Ahora bien, sobre el Gobierno recae la mayor parte del fardo de este penoso asunto. El obstinado y pesado silencio del poder ejecutivo, sólo roto por su portavoz oficial, bate un récord olímpico de irresponsabilidad. Resulta que el ocultamiento a las Cortes Generales y a la opinión pública de ese informe, el mantenimiento en puestos de alta responsabilidad de los organizadores de tan inconcebible caos y de los directivos que posteriormente no han sabido cortarlo; la decisión de no encomendar al ministerio fiscal la tarea de examinar los presuntos comportamientos delictivos, y la actitud de dar, durante una semana, la callada por respuesta, son las reacciones normales de un Gobierno democrático. Que nadie busque culpabilidades «personales» en todo este embrollo. Ninguno de los directores generales de Televisión tiene la más mínima responsabilidad en esa apoteosis de menosprecio hacia la manera de gestionar una empresa pública. Sólo existen «responsabilidades de principios y de organización». Principios y organización que, al parecer, ningún hombre de carne y hueso ha establecido y decidido nunca, sino que han sido depositados en noches oscuras por malos vientos en Prado del Rey y que proceden de alguna remota galaxia. Ya hubiera sido grave que el Gobierno no hubiera hablado. Su respuesta reciente no es ni siquiera indignante. Es ridícula.

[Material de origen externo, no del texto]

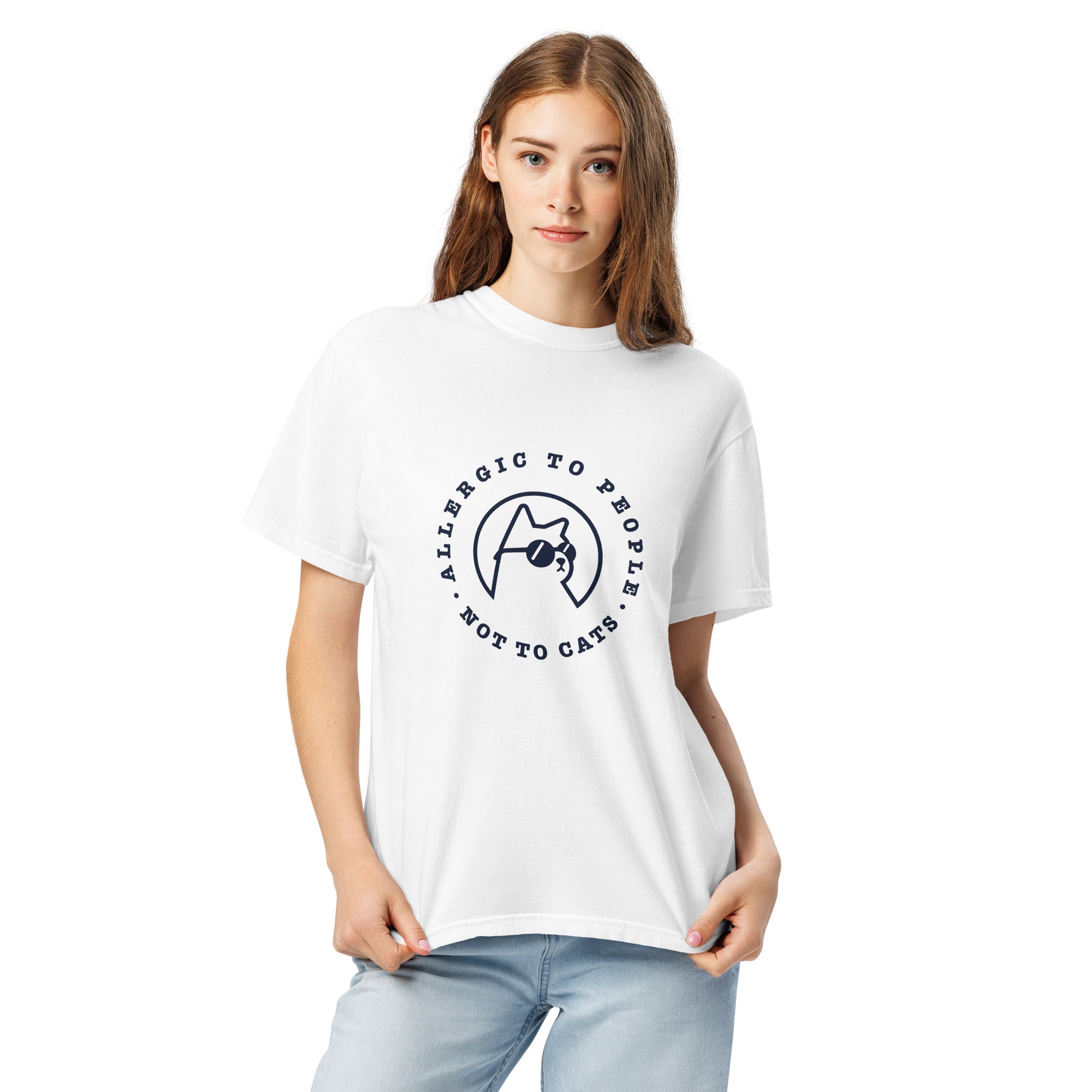 unisex-garment-dyed-heavyweight-t-shirt-white-front-2-681a5f8677023.jpg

El Gobierno, en cualquier caso, ha sido culpable de la ocultación de datos, y estimamos que debe ser un juez y no un ministro el que establezca si existen o no responsabilidades criminales en lo sucedido. Si existieran, el Gobierno tendría que explicar además por qué sus dudas en remitir a la Fiscalía el documento. Cualquier consejero de una empresa privada que recibiera una auditoría de ese género se habría preocupado de una acción semejante, que le garantizara que no iba a ser acusado de complicidad o encubrimiento.

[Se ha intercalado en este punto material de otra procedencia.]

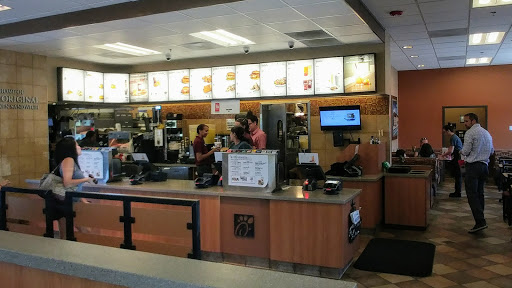 Fast Food Restaurant «Chick-fil-A», reviews and photos, 357 E 12300 S, Draper, UT 84020, USA
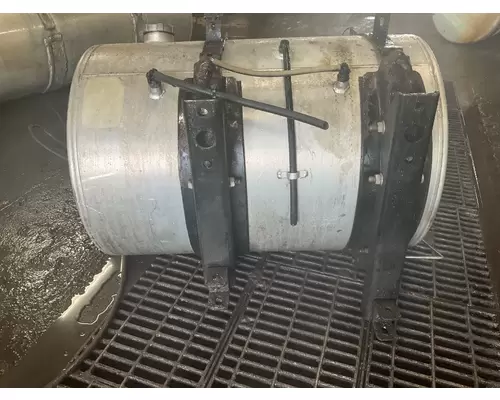 INTERNATIONAL PRO-STAR Fuel Tank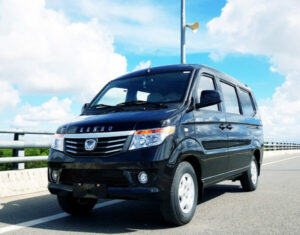 xe tải van kenbo chiến thắng  xe tải van kenbo chiến thắng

El otro aspecto de la cuestión es el de futuro. Nos hallamos ante el inminente nombramiento, por las Cortes, del consejo de administración de ente público de RTVE y ante la designación por el Gobierno del director general del medio. Hay que decir que no se les pone fácil a esos trece hombres la tarea de remodelación y saneamiento que tienen por delante y que no es la única, porque la televisiva UCD ha logrado construir, por encima del caos administrativo, la miseria en la calidad de los programas y el descrédito público de tan importante medio de comunicación. El Gobierno se lo debe pensar dos veces antes de seguir poniendo en las manos de un hombre de UCD tan poderoso medio. Durante la etapa de la transición, el partido del Gobierno ha dirigido irresponsablemente la RTVE, obsesionado por los réditos electoralistas o propagandísticos de la imagen y menospreciando los derechos de los españoles, cuyo dinero ha sido dilapidado ad maiorem gloriam de quien controlaba la pantalla. Si la obstinación hace que los hombres de UCD pretendan seguir gobernando la TV ellos solos, con un revestimiento democrático, deben saber que parten desde una situación impeorable. Aquella que nos dice que la continuidad es la mejor garantía para consolidar tanta pestilencia.